> [TASK ITEM] The entries below contain a stretch that opens with the line containing "Leopard Pattern Reversible" and closes with the line containing "Basic Fun Care"; set down that stretch exactly, both ends included, and nothing else.

> [DATA PROVIDED]
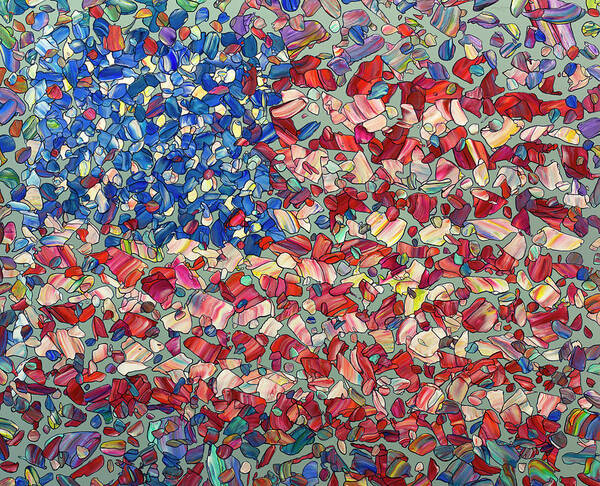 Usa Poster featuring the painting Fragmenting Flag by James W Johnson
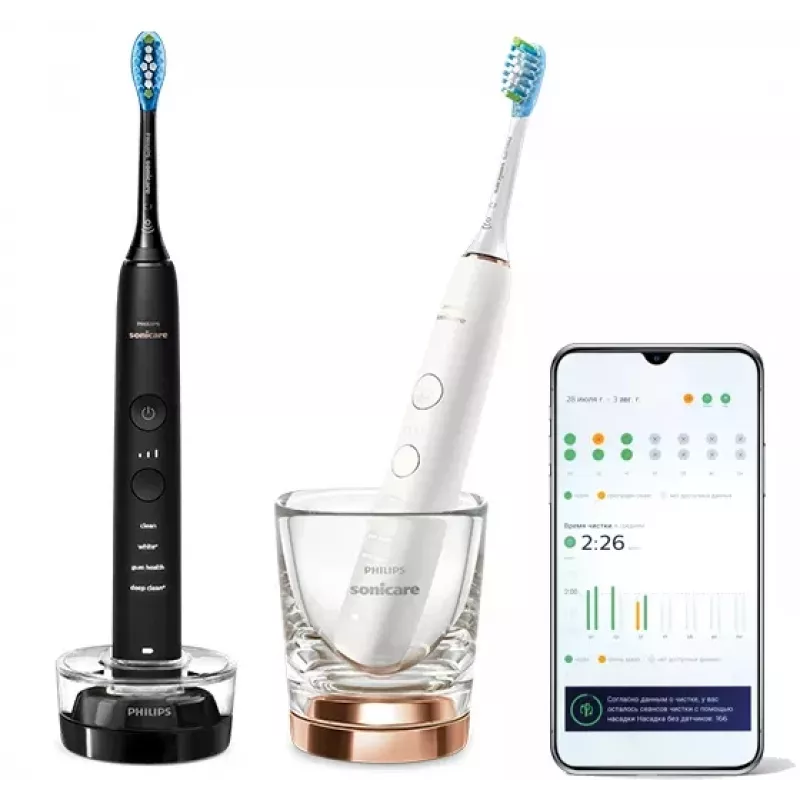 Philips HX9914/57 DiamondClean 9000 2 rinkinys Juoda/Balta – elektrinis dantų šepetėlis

...

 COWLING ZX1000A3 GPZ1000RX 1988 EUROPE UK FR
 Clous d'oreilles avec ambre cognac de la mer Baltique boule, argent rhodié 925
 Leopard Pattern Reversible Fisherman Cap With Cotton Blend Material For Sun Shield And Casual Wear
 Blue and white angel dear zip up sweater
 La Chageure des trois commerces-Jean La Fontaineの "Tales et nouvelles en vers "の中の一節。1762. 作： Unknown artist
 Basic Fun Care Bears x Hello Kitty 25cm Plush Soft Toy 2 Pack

> [OUTPUT FOR THIS TASK]
 Leopard Pattern Reversible Fisherman Cap With Cotton Blend Material For Sun Shield And Casual Wear
 Blue and white angel dear zip up sweater
 La Chageure des trois commerces-Jean La Fontaineの "Tales et nouvelles en vers "の中の一節。1762. 作： Unknown artist
 Basic Fun Care Bears x Hello Kitty 25cm Plush Soft Toy 2 Pack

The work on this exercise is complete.